Instructions to follow: Begin at the top of the records below and return each line exactly through the line with "Little boy playing". Skip pictures.

Dataset records:
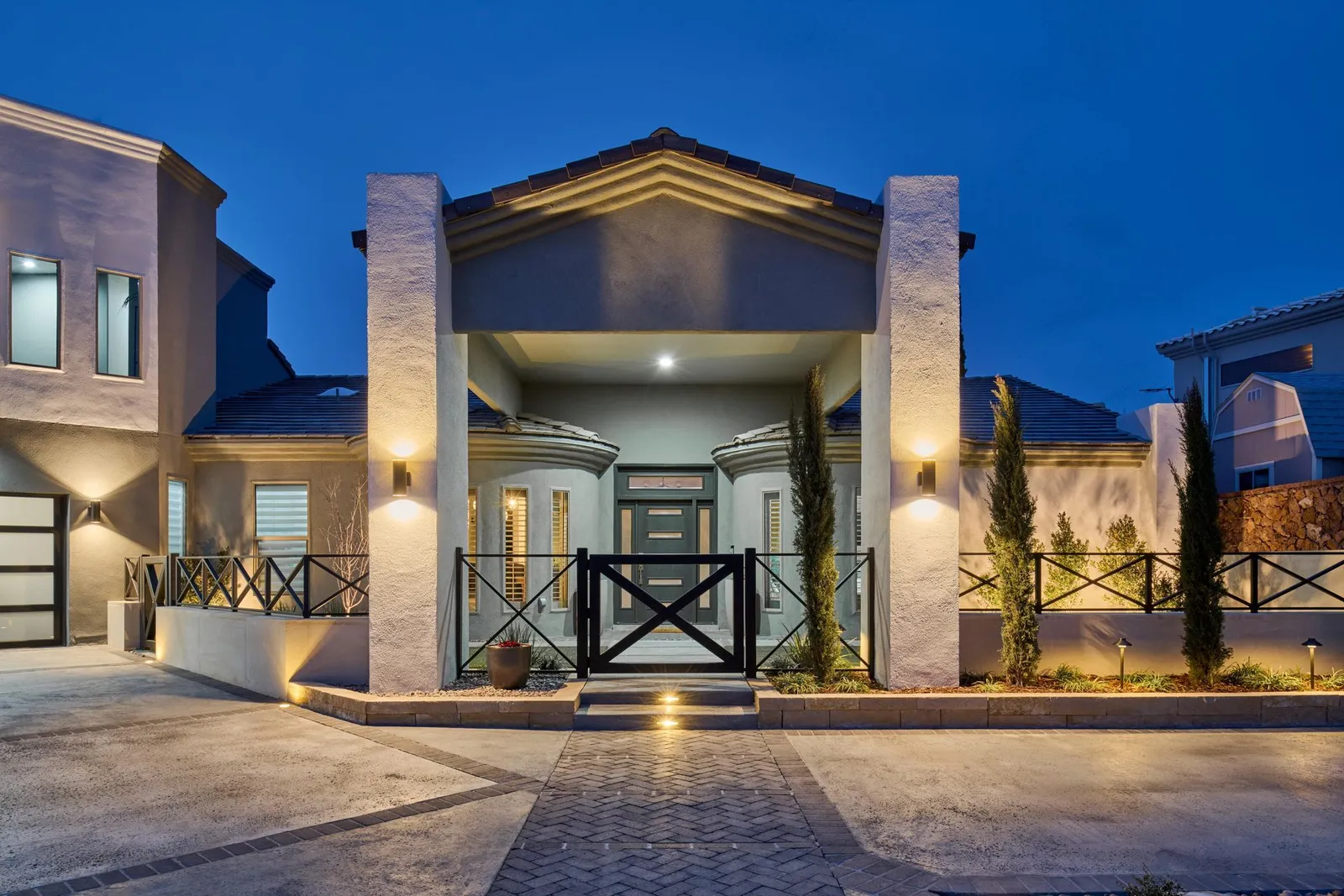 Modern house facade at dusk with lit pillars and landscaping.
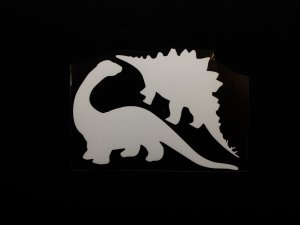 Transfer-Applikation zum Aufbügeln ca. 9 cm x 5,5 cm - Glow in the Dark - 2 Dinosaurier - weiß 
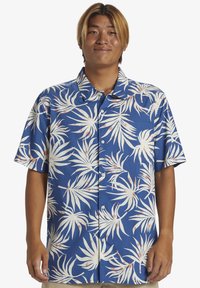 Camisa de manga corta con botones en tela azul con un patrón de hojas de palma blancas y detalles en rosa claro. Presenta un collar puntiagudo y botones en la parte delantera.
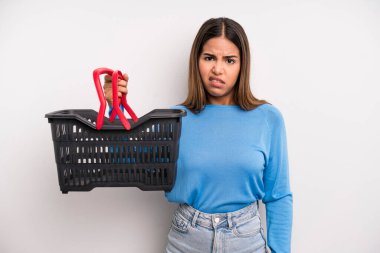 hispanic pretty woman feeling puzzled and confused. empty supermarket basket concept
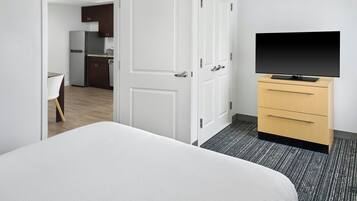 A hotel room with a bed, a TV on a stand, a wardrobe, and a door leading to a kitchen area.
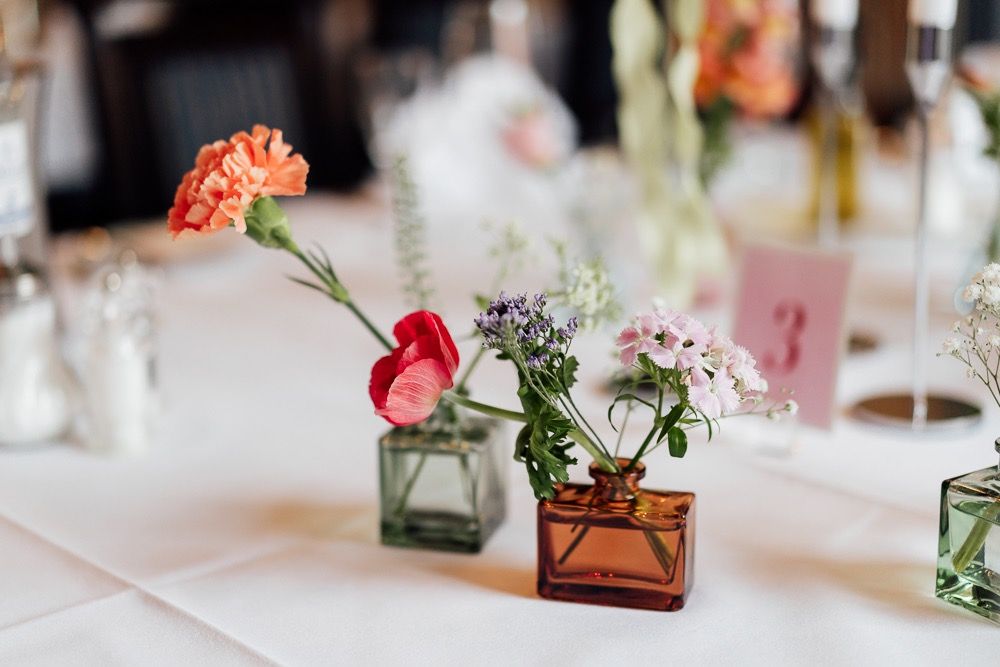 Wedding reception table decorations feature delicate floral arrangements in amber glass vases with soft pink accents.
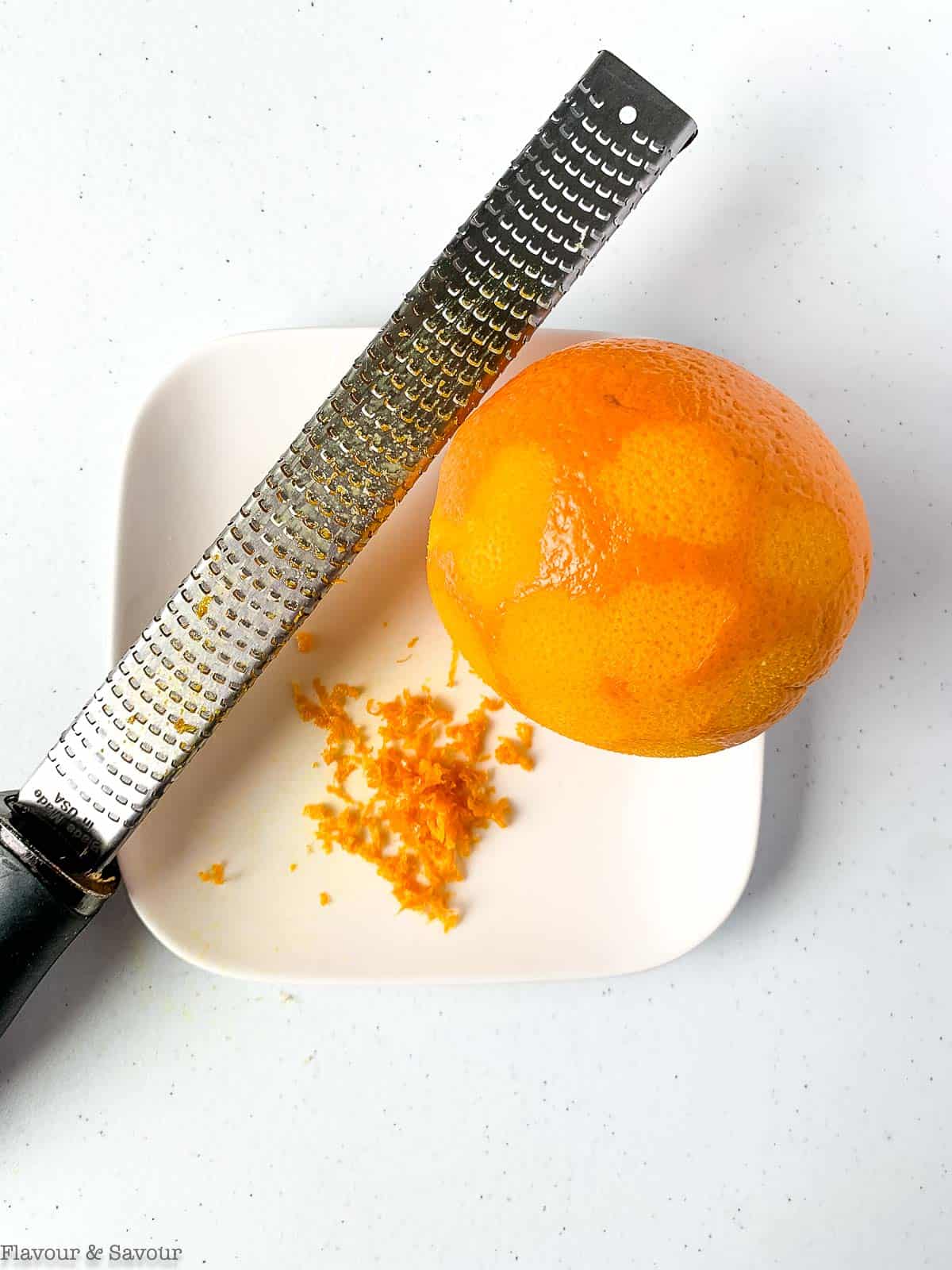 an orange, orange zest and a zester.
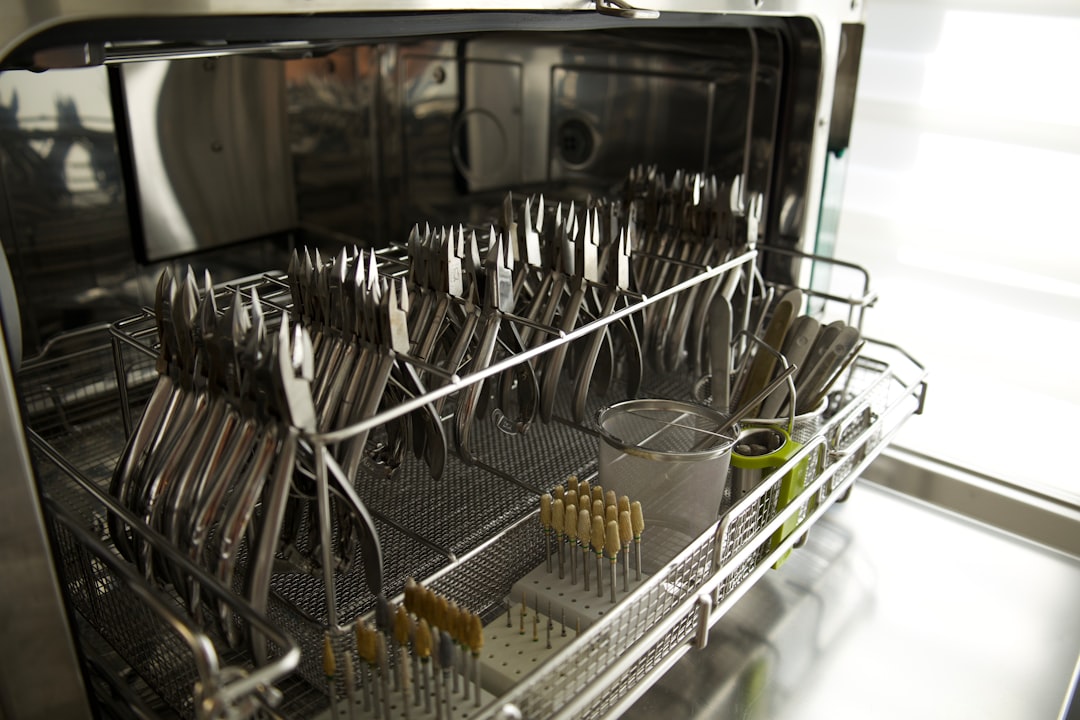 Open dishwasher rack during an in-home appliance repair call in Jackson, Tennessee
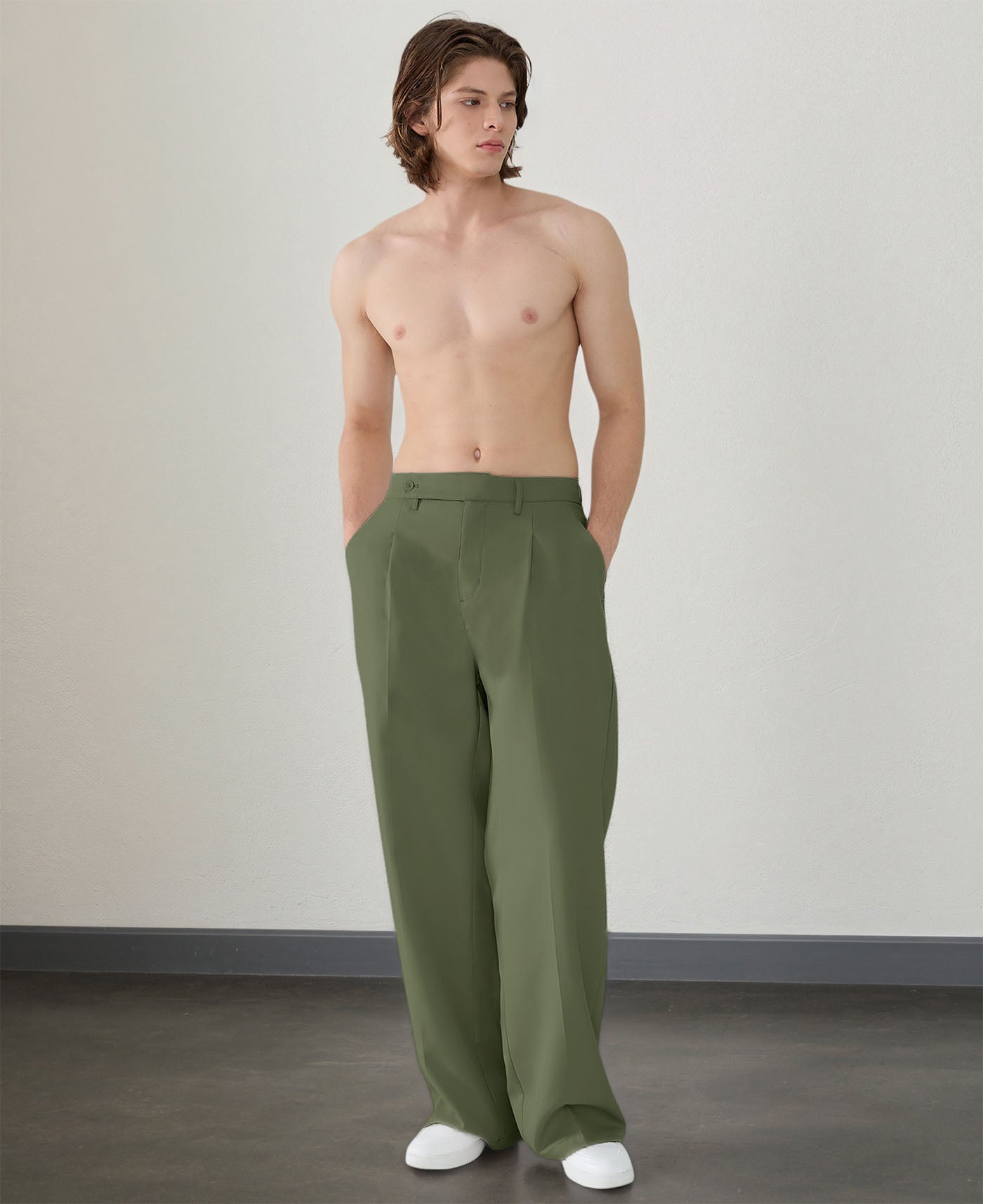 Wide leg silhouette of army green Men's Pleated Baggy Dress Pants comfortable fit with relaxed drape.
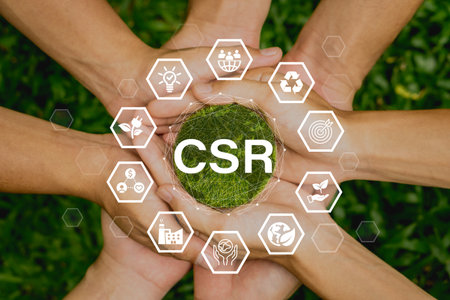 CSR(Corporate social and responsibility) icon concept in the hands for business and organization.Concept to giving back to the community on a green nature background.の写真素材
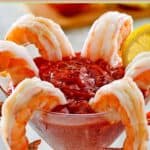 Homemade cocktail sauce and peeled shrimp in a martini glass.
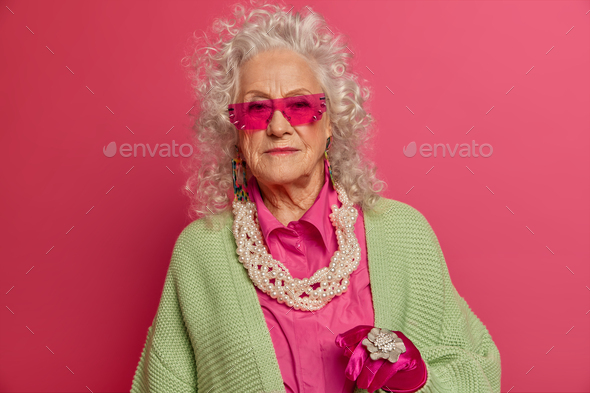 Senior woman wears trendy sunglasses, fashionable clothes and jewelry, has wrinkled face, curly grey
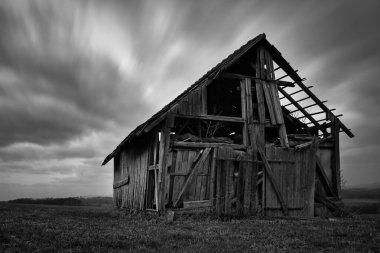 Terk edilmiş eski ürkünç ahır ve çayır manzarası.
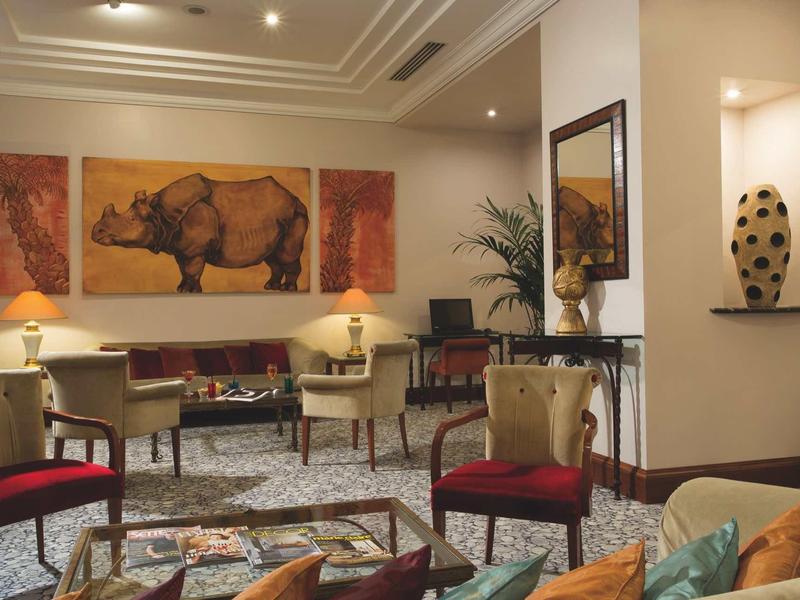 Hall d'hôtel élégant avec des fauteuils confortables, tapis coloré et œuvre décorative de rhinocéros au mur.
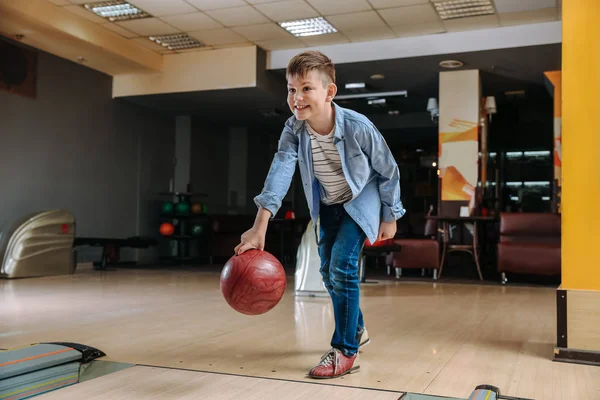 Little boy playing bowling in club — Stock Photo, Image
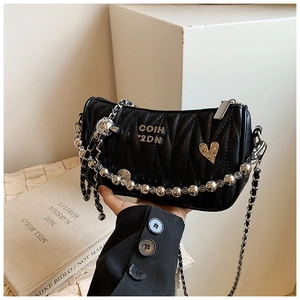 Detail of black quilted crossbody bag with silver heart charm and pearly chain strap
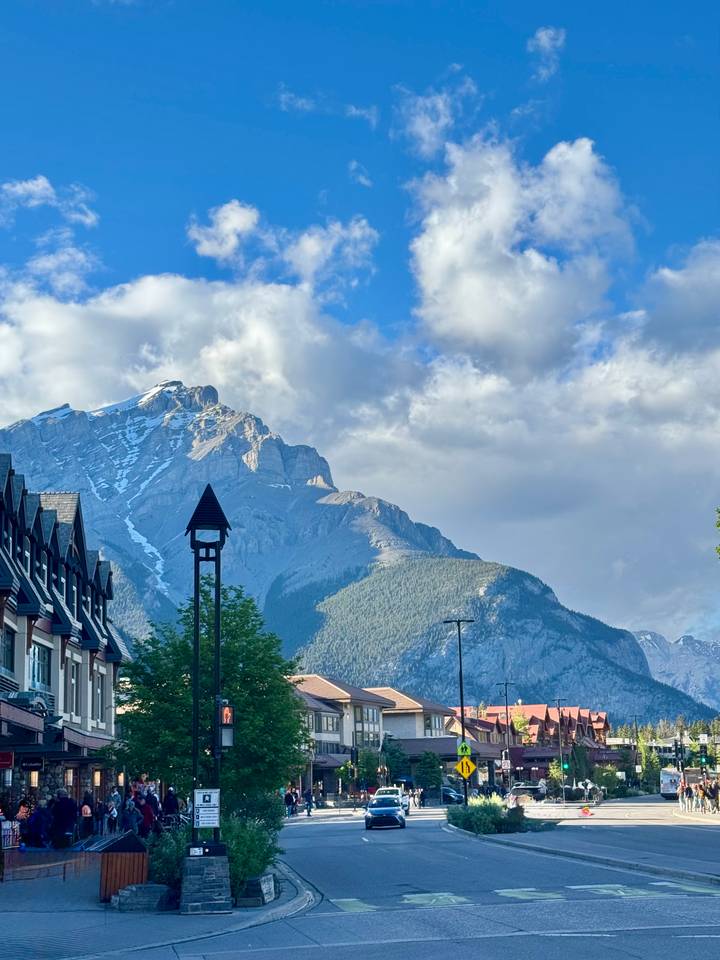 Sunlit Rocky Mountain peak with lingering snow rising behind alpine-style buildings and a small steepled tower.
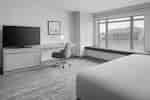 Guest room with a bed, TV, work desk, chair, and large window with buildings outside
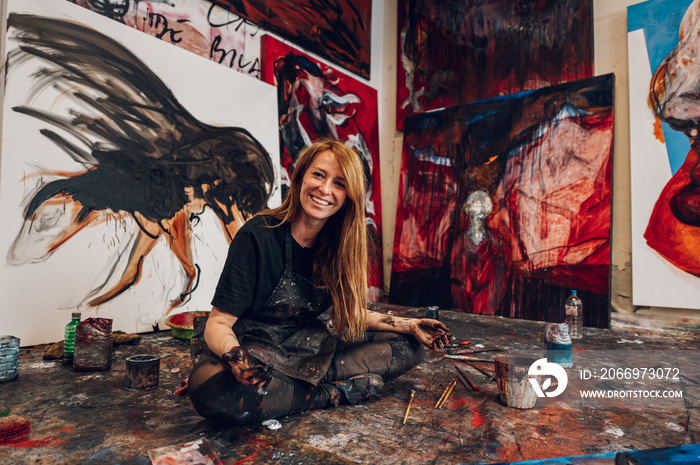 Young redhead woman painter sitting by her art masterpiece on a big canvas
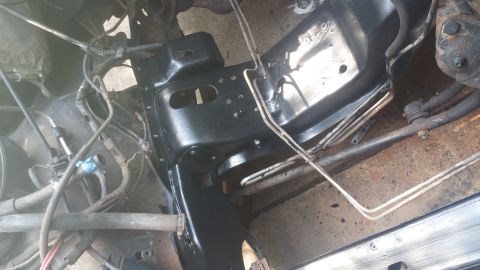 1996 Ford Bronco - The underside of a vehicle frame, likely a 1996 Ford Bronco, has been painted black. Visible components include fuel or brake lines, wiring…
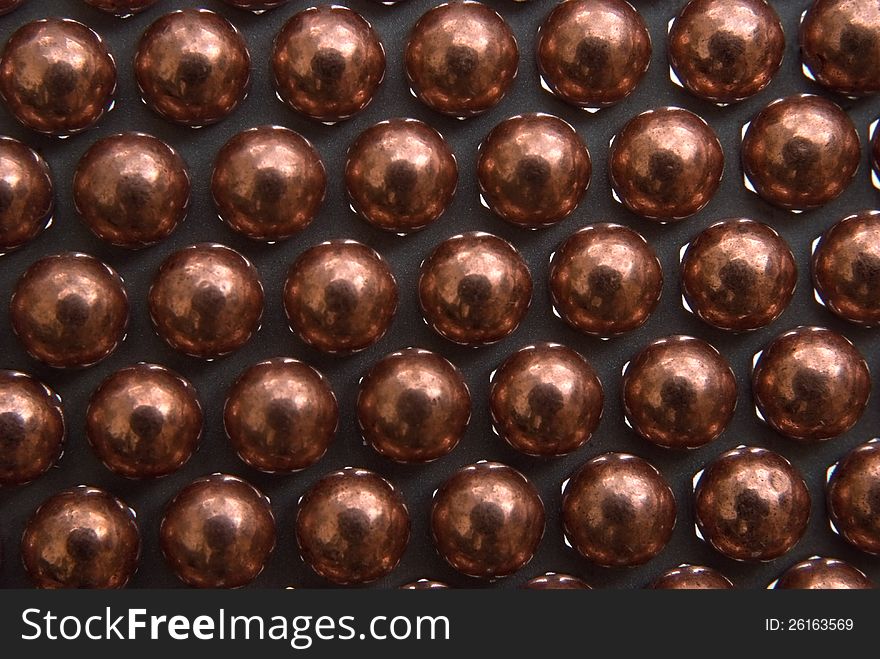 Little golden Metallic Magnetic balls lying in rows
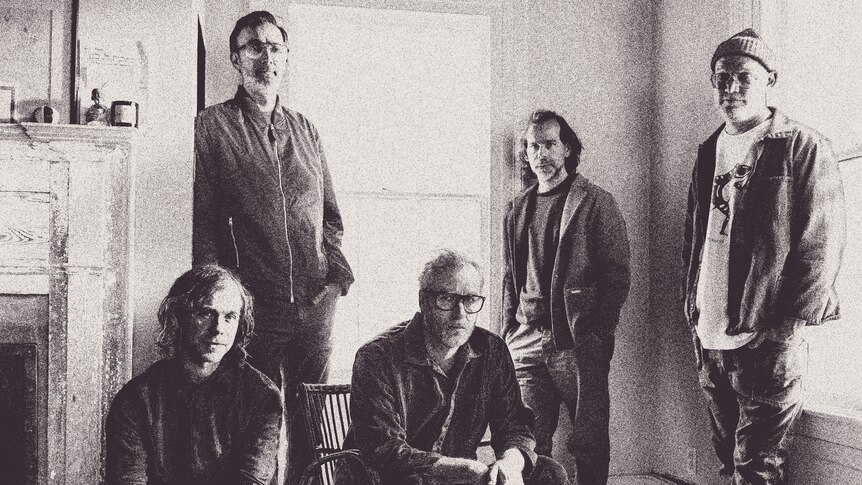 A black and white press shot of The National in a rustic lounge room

Answer box:
 Modern house facade at dusk with lit pillars and landscaping.
 Transfer-Applikation zum Aufbügeln ca. 9 cm x 5,5 cm - Glow in the Dark - 2 Dinosaurier - weiß 
 Camisa de manga corta con botones en tela azul con un patrón de hojas de palma blancas y detalles en rosa claro. Presenta un collar puntiagudo y botones en la parte delantera.
 hispanic pretty woman feeling puzzled and confused. empty supermarket basket concept
 A hotel room with a bed, a TV on a stand, a wardrobe, and a door leading to a kitchen area.
 Wedding reception table decorations feature delicate floral arrangements in amber glass vases with soft pink accents.
 an orange, orange zest and a zester.
 Open dishwasher rack during an in-home appliance repair call in Jackson, Tennessee
 Wide leg silhouette of army green Men's Pleated Baggy Dress Pants comfortable fit with relaxed drape.
 CSR(Corporate social and responsibility) icon concept in the hands for business and organization.Concept to giving back to the community on a green nature background.の写真素材
 Homemade cocktail sauce and peeled shrimp in a martini glass.
 Senior woman wears trendy sunglasses, fashionable clothes and jewelry, has wrinkled face, curly grey
 Terk edilmiş eski ürkünç ahır ve çayır manzarası.
 Hall d'hôtel élégant avec des fauteuils confortables, tapis coloré et œuvre décorative de rhinocéros au mur.
 Little boy playing bowling in club — Stock Photo, Image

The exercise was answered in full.